:: MATERIAL TO PROCESS ::
◆ ◆ ◆ ◆ ◆

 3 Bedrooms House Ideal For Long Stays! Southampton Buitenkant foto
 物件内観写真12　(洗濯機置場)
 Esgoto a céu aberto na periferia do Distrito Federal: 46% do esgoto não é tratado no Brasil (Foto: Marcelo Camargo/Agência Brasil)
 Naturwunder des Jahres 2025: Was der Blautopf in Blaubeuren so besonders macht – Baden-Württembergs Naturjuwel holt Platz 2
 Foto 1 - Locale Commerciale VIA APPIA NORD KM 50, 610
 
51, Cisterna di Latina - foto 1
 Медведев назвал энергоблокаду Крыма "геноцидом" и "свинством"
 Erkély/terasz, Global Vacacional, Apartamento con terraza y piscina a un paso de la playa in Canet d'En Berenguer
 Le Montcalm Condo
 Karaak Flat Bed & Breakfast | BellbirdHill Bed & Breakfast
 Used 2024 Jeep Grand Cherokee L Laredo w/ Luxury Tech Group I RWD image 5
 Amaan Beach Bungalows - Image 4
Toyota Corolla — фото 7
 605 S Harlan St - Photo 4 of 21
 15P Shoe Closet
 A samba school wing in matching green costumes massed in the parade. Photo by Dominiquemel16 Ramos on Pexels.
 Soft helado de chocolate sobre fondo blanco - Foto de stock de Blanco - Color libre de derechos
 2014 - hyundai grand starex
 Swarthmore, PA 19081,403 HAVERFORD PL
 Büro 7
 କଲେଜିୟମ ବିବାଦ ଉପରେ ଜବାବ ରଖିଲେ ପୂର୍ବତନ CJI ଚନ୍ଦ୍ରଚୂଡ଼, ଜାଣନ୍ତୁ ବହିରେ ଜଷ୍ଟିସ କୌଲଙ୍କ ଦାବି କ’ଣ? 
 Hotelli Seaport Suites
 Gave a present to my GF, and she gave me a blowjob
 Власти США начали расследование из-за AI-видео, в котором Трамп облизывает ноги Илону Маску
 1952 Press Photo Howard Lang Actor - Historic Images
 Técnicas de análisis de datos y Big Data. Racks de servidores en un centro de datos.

◆ ◆ ◆ ◆ ◆

:: GOAL OF THE EXERCISE ::
Copy out all the lines of the records that include "Photo".

:: ANSWER SPACE ::
 605 S Harlan St - Photo 4 of 21
 A samba school wing in matching green costumes massed in the parade. Photo by Dominiquemel16 Ramos on Pexels.
 1952 Press Photo Howard Lang Actor - Historic Images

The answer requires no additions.